• **RECORDED DATA**:
—————

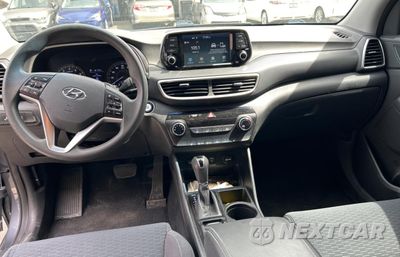 Zdjęcie 9 z 15 samochodu: 2019 HYUNDAI TUCSON LIMITED VIN:KM8J3CA45KU887715 - miniatura
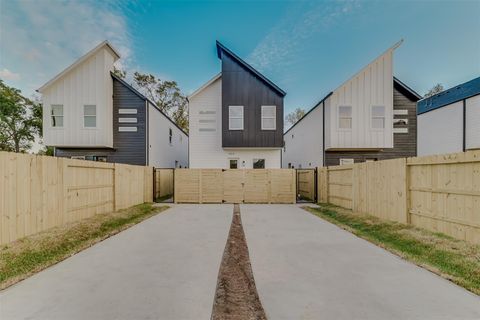 1462 Ferguson Way Houston TX 77088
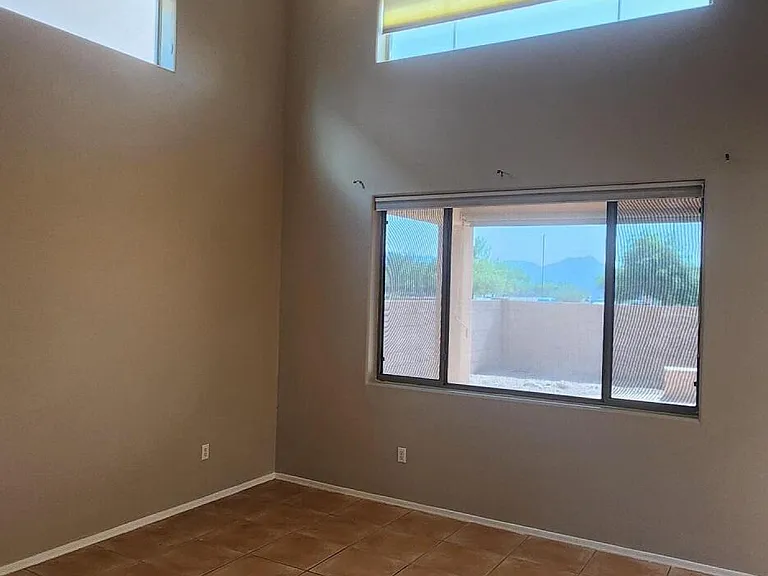 5453 N Little River Ln — Photo 9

—————

• **HOW TO COMPLETE THIS TASK**:
Omit the images; transcribe the listing verbatim.

• **EXERCISE RESULT**:
 Zdjęcie 9 z 15 samochodu: 2019 HYUNDAI TUCSON LIMITED VIN:KM8J3CA45KU887715 - miniatura
 1462 Ferguson Way Houston TX 77088
 5453 N Little River Ln — Photo 9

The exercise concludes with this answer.